Le bien-fondé des demandes de Mme [P]
M. [I] poursuit l'infirmation du jugement déféré en ce qu'il l'a condamné à entretenir le regard et à indemniser Mme [P]. À l'appui, il fait valoir que l'encombrement est imputable à Mme [P] qui ne nettoie pas les feuilles dans sa cour. Il prétend que le constat d'huissier de justice montre que la cour est inondée quand il pleut mais qu'il n'existe aucun élément démontrant que c'est imputable à une faute de sa part.
Subsidiairement, il demande une mesure d'expertise judiciaire.
Appréciation de la cour
En application de l'article 640 du code civil, les fonds inférieurs sont assujettis envers ceux qui sont plus élevés, à recevoir les eaux qui en découlent naturellement sans que la main de l'homme y ait contribué. Le propriétaire inférieur ne peut point élever de digue qui empêche cet écoulement. Le propriétaire supérieur ne peut rien faire qui aggrave la servitude du fonds inférieur.
En l'espèce, il résulte du procès-verbal de constat d'huissier de justice réalisé à la demande de Mme [P] le 1er février 2019 mais produit par M. [I] devant la cour que le long du pignon du pavillon situé au n° [Adresse 2], appartenant à M. [I], est présente une descente en zinc reliée à la gouttière dudit pavillon et insérée dans un pied en fonte, lui-même orienté vers l'allée menant au pavillon de Mme [P].

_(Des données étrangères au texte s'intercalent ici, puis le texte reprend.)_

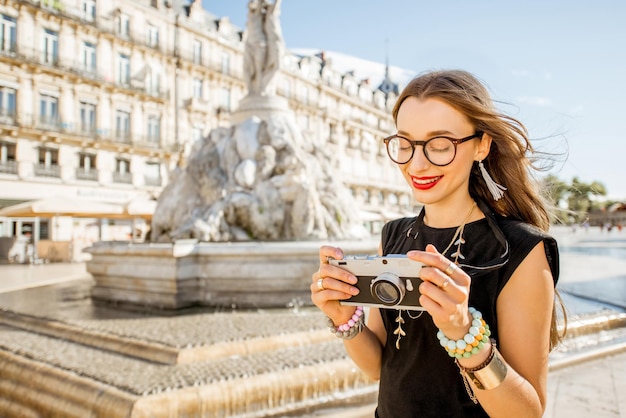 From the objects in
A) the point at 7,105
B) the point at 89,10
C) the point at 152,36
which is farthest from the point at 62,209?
the point at 152,36

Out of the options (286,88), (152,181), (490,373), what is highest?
(286,88)

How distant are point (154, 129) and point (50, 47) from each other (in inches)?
269

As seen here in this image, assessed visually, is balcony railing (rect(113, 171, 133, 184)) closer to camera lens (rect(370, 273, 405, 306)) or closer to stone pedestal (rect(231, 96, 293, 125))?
stone pedestal (rect(231, 96, 293, 125))

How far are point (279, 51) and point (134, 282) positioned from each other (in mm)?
6458

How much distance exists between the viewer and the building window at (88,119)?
24062 mm

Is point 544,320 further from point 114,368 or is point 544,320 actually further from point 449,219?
point 114,368

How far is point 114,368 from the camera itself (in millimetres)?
3559

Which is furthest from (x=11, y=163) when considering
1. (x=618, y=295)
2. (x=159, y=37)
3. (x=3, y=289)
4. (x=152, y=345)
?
(x=618, y=295)

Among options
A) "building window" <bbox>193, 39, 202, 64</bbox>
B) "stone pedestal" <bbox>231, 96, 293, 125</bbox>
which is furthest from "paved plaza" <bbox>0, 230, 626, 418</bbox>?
"building window" <bbox>193, 39, 202, 64</bbox>

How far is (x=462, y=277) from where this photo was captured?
38.8 inches

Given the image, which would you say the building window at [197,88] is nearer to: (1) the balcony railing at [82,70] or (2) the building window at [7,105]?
(1) the balcony railing at [82,70]

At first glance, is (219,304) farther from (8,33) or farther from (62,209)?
(8,33)

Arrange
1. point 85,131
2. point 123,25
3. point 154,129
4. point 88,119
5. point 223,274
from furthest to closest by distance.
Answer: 1. point 154,129
2. point 123,25
3. point 88,119
4. point 85,131
5. point 223,274

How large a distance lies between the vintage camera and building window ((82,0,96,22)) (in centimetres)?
2815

Dans ce regard, en direction du trottoir, est présente une ouverture avec conduit devant permettre l'évacuation des eaux vers la voie publique.
Or, l'huissier de justice a constaté que ce conduit était obstrué à environ 10 cm de son ouverture et il a simulé des écoulements d'eau de pluie provenant du pied en fonte par l'installation d'un tuyau d'arrosage. Et au bout d'une minute, le regard a débordé et l'eau a commencé à se déverser devant le portillon, dans l'allée pavée de Mme [P].

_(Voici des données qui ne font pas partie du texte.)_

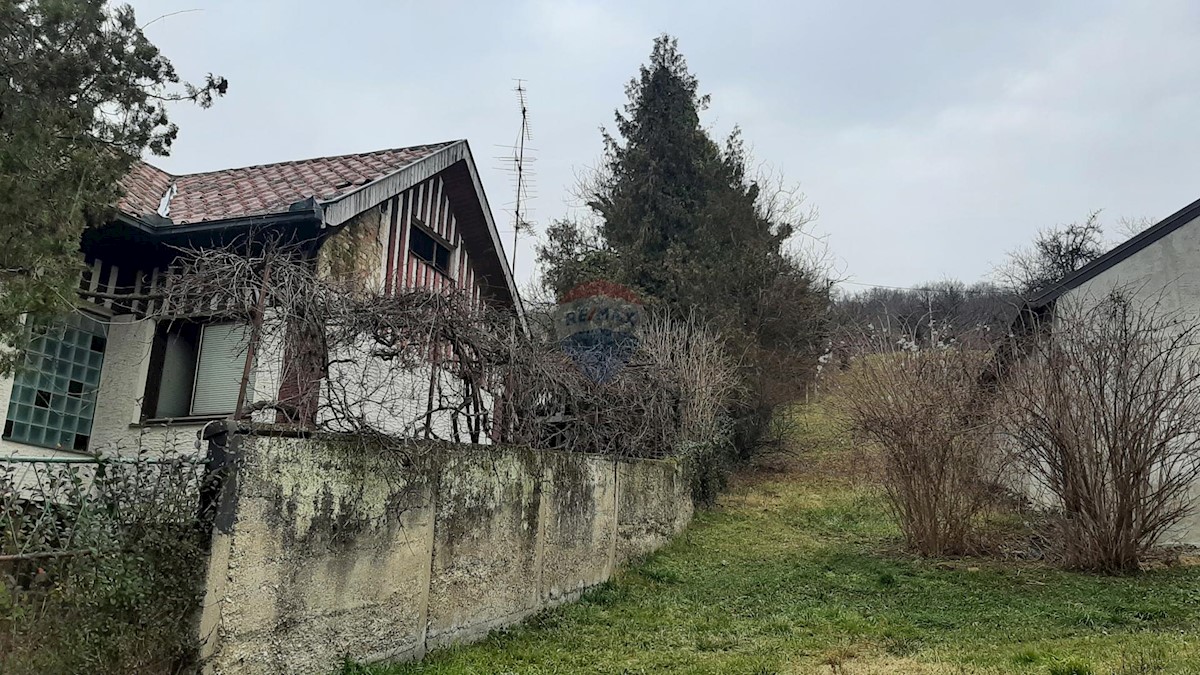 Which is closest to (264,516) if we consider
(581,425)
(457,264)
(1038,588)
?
(581,425)

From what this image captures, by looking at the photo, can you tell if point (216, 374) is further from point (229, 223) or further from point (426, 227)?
point (426, 227)

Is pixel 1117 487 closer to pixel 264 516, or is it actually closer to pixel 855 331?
pixel 855 331

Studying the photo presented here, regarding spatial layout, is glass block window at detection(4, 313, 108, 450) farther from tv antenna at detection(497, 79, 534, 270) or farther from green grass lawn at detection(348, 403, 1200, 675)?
tv antenna at detection(497, 79, 534, 270)

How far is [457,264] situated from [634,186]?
11.3 metres

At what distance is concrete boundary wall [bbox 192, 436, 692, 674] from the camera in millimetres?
4355

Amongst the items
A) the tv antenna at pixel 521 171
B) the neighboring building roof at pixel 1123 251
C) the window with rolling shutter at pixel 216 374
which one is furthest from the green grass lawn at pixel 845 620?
the tv antenna at pixel 521 171

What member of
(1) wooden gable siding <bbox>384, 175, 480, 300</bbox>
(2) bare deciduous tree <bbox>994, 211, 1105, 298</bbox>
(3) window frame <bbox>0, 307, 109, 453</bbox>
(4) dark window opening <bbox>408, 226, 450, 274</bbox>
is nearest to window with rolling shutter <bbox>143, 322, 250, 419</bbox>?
(3) window frame <bbox>0, 307, 109, 453</bbox>

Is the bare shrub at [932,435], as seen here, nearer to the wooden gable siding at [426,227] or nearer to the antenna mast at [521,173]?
the wooden gable siding at [426,227]

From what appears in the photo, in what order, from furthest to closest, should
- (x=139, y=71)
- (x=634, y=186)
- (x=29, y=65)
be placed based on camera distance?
(x=634, y=186) → (x=139, y=71) → (x=29, y=65)

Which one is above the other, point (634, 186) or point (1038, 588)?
point (634, 186)

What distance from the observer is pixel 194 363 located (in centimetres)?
950

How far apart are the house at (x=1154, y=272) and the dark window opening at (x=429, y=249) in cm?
946

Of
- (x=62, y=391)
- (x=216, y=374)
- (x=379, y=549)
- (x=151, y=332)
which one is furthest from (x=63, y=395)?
(x=379, y=549)

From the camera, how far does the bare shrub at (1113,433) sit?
941 cm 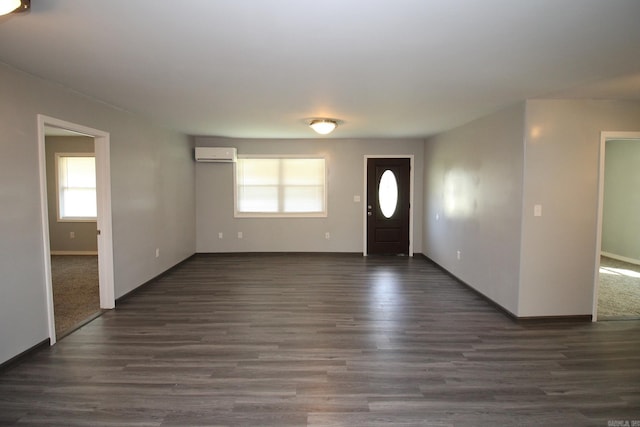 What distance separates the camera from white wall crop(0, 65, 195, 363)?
265 cm

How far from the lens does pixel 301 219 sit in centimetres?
709

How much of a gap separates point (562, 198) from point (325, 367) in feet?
9.84

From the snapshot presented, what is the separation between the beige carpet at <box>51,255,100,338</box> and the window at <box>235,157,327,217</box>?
280 centimetres

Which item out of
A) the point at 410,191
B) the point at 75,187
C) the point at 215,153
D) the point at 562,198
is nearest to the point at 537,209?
the point at 562,198

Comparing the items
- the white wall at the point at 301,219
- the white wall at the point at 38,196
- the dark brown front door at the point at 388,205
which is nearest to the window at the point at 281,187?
the white wall at the point at 301,219

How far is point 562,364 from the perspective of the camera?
2.79 m

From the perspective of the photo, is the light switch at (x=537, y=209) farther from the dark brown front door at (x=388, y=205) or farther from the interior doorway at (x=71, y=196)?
the interior doorway at (x=71, y=196)

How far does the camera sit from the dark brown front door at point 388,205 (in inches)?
275

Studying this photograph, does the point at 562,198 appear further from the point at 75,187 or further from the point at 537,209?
the point at 75,187

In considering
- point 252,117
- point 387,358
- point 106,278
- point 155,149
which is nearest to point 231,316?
point 106,278

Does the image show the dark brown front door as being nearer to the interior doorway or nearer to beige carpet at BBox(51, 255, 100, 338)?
beige carpet at BBox(51, 255, 100, 338)

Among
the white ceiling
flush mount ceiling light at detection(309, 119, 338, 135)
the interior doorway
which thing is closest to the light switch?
the white ceiling

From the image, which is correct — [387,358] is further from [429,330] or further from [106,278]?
[106,278]

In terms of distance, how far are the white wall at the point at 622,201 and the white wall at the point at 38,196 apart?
8.27 meters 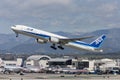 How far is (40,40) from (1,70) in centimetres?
6523

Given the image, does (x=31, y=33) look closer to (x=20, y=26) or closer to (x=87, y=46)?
(x=20, y=26)

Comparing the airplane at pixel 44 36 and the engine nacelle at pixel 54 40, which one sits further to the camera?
the engine nacelle at pixel 54 40

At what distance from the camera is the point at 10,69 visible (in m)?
199

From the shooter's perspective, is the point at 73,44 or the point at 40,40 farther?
the point at 73,44

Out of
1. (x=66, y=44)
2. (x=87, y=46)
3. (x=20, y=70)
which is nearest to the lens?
(x=66, y=44)

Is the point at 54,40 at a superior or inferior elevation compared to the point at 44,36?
inferior

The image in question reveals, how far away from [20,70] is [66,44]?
53.5 metres

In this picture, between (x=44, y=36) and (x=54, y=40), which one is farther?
(x=54, y=40)

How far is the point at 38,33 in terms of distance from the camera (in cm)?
13762

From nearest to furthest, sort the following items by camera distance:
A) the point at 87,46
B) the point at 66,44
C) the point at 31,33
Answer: the point at 31,33, the point at 66,44, the point at 87,46

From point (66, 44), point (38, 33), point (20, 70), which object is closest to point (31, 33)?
point (38, 33)

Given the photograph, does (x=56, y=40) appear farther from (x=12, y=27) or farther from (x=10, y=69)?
(x=10, y=69)

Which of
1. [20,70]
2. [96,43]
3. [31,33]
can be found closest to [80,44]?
[96,43]

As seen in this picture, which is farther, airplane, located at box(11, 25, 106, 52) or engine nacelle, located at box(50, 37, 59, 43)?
engine nacelle, located at box(50, 37, 59, 43) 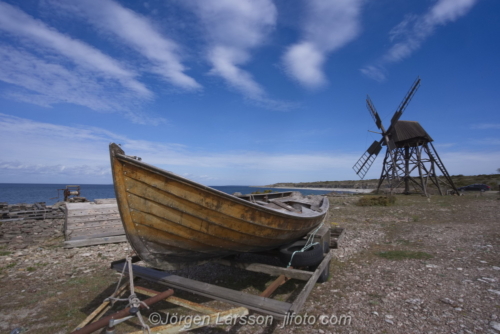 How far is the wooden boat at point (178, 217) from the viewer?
12.4ft

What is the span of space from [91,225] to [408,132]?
1227 inches

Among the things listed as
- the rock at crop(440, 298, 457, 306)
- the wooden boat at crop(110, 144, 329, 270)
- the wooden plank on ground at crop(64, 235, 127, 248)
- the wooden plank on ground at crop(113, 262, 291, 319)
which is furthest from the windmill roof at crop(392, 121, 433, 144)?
the wooden plank on ground at crop(113, 262, 291, 319)

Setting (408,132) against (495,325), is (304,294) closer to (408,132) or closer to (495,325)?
(495,325)

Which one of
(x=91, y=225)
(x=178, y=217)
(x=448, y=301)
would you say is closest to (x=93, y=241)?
(x=91, y=225)

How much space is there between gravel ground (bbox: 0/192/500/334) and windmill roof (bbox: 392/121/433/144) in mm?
21781

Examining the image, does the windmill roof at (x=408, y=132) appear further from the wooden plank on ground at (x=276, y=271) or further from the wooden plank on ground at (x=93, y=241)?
the wooden plank on ground at (x=93, y=241)

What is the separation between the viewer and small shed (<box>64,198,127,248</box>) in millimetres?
9188

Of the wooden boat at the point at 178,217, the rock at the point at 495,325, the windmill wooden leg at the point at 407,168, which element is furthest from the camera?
the windmill wooden leg at the point at 407,168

Sans qu'aucune expertise technique ne soit nécessaire, la relation de cause à effet entre l'obstruction du regard et le débordement est ainsi démontrée de sorte que M. [I] ne peut sérieusement soutenir que celui-ci proviendrait d'un défaut d'entretien de sa cour par Mme [P]. Il n'y a donc pas lieu d'ordonner une mesure d'expertise judiciaire qui aux termes de l'article 146 du code de procédure civile ne peut en aucun cas être ordonnée en vue de suppléer la carence de la partie dans l'administration de la preuve.
Le jugement déféré sera donc confirmé en ce qu'il a condamné M. [I] à entretenir le regard.
En outre, M. [I] ne soumet à la cour aucun élément de nature à contredire le jugement qui a retenu que les différents clichés photographiques qui étaient versés au dossier en première instance mettaient en évidence la difficulté d'accéder au logement de Mme [P] lors d'épisodes pluvieux et l'inondation de la cour. Le jugement déféré sera donc confirmé en ce qu'il a condamné M. [I] à lui payer la somme de 300 euros de dommages et intérêts en réparation de ce préjudice directement lié au défaut d'entretien imputable à M. [I].
Le jugement déféré sera donc confirmé en toutes ses dispositions, y compris accessoires.
En tant que partie perdante tenue aux dépens, M. [I] ne peut qu'être débouté de sa demande au titre de l'article 700 du code de procédure civile.
PAR CES MOTIFS
La Cour, statuant par arrêt réputé contradictoire et mis à disposition,
CONFIRME en toutes ses dispositions le jugement rendu le 20 mai 2021 par le tribunal de proximité de Vanves,
Et, y ajoutant,
DÉBOUTE M. [I] de sa demande d'expertise,
DÉBOUTE M. [I] de sa demande au titre de l'article 700 du code de procédure civile,
CONDAMNE M. [I] aux dépens d'appel.
- prononcé par mise à disposition de l'arrêt au greffe de la cour, les parties en ayant été préalablement avisées dans les conditions prévues au deuxième alinéa de l'article 450 du code de procédure civile,
- signé par Madame Anna MANES, présidente, et par Madame Natacha BOURGUEIL, greffier, auquel la minute de la décision a été remise par le magistrat signataire.